Z isn’t hangry but it’s a near thing

The music was very fine but I was glad that the last piece had melody, something to hum on the way home.  Showing my age, I daresay.

What Snape has got wildly wrong this year is the food.  Last week, we arrived at 6.45, for a performance at 7.30, which should have given plenty of time for a light, one course meal.  We didn’t quite fancy the roast beef and other hot dishes, on a warm evening, so went to the salad bar, where there was just one helping of salad left.  So we said, that’s okay, we’ll share it.  She lumped the potato salad and the beetroot salad on one plate.  So I said, er, can we have two pieces of crab tart, please?  And she put two pieces on the one plate.  Er, two plates?  She was embarrassed to say that she only had the one plate.  But she then found a small side plate and we were, of course, kind and polite, and I then went to pay and – unasked – some charge was taken off for the absence of salad.
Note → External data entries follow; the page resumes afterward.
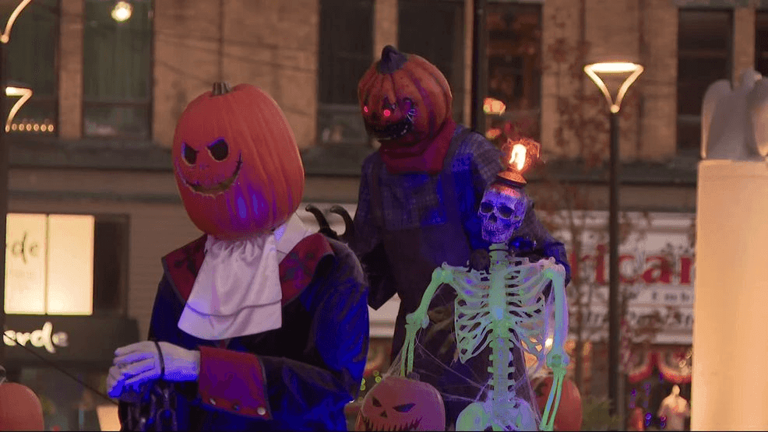 Annual zombie bar crawl, Central Park Halloween display return to ...
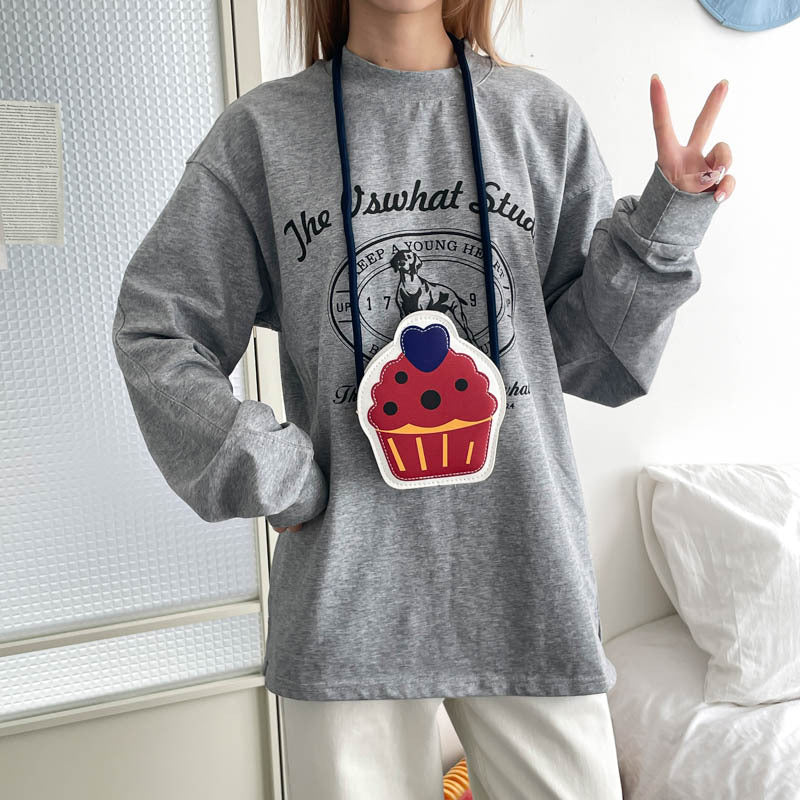 Damen Umhängetasche im Cupcake-Design Nord Taschen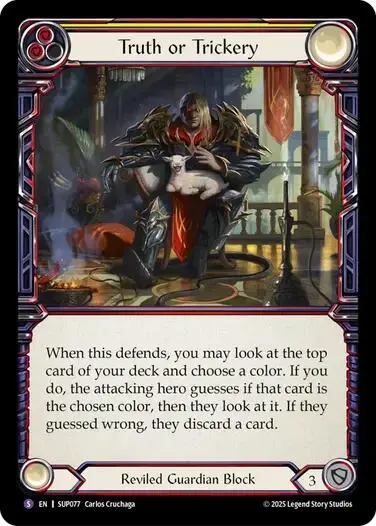 Truth Or Trickery [Sup077] (Super Slam)  Rainbow Foil 1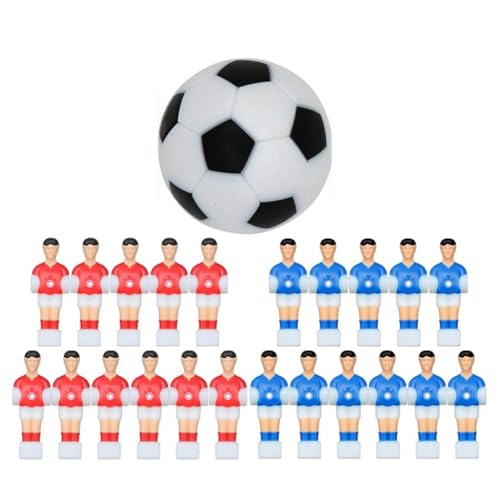 Koolenry 1 Satz Fußballmaschine, Fußball, Tischfußballspieler, Tischfußball, Mini-Fußballspieler, Statue, Tischfußball Koolenry 1 Satz Fußballmaschine, Fußball, Tischfußballspieler, Tischfußball, Mini-Fußballspieler, Statue, Tischfußball von Koolenry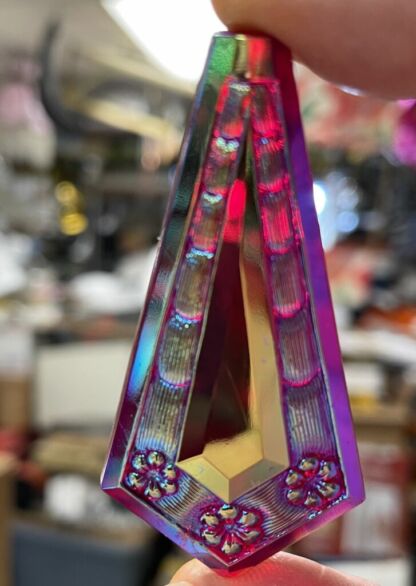 DFN62-10 Pressed Pentagon Dichroic Jewel - Image 3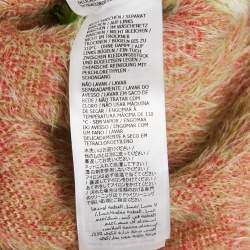 Pre Owned Gucci x Adidas Green Monogram Textured Knit Cardigan XS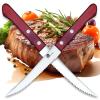 Steakový nůž EASY 10 cm, červená, Dellinger
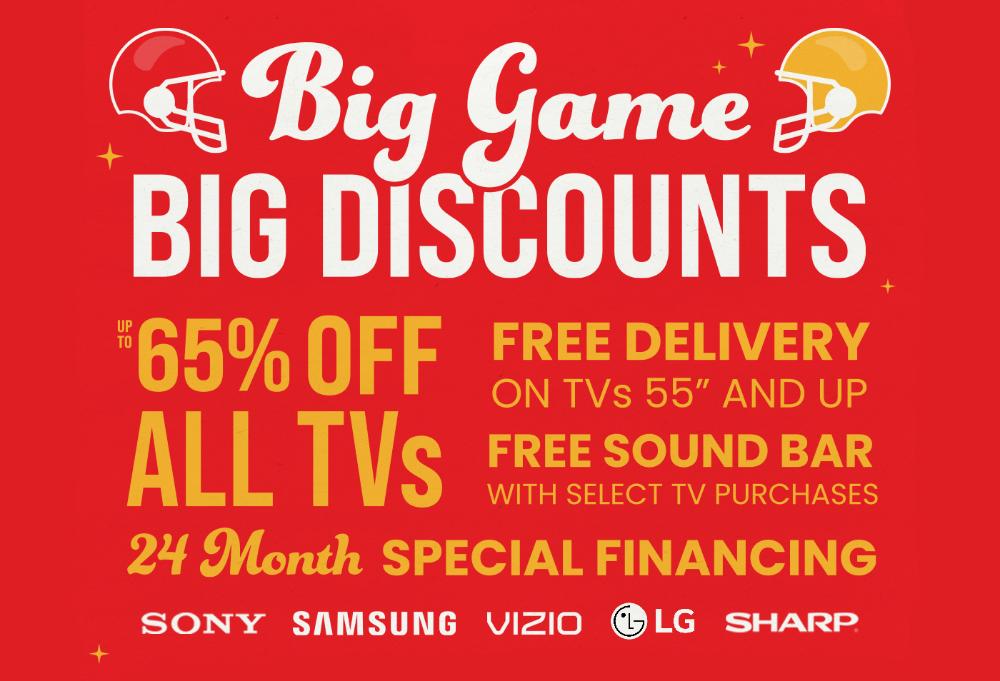 🏈 Big Game, Big Discounts at ABC Warehouse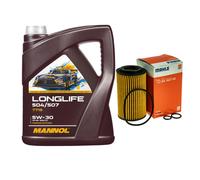 Mahle Filtre À Huile 5L Mannol Longlife 504/507 5W-30 Pour Mercedes-Benz C-Class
Anyway, this time we cannily left quarter of an hour earlier, but could see that the salads were just about sold out again and they only had cold sliced meat to go with them.  So we thought we’d check out the hot food.  We both liked the idea of the fishcakes and joined the queue.  “Only three fishcakes left,” I said.  Tim thought he’d have the vegetarian lasagne otherwise.  But, as we neared the front, we could see that was sold out.  And the person in front of us chose one of the – by then two – fishcakes, so I said I’d have fish pie.  The only other option was a beef curry.  And, once we’d been served, there were only enough helpings of anything for four or five people.  As we sat eating our supper, we could see people being turned away.
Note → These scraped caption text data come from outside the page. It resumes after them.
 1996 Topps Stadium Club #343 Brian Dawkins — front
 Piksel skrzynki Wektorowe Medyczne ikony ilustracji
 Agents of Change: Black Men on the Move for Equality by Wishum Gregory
Years ago, the food was one of the appealing things about going to concerts at Snape but it’s been wayward for quite a while now.  I don’t think it’s acceptable to run right out of food, 40 minutes before the concert starts.  Sure, gauging how many theatre-goers will want to eat there is always going to have an element of guesswork, but they knew it was a sell-out performance and so surely experience should have given a good idea.  Plates of sandwiches in reserve might have been a good idea.  And anyway, a vegetable lasagne and a potato-topped fish pie are really cheap to make, if not to sell at £13 and £14 respectively, so a bit left over wouldn’t have been a great problem.

We’re going again next weekend and we’re taking our own food. I think it’s pretty sure to say that the people who went hungry and didn’t have an opportunity to eat anything until after 10 pm won’t take the risk either.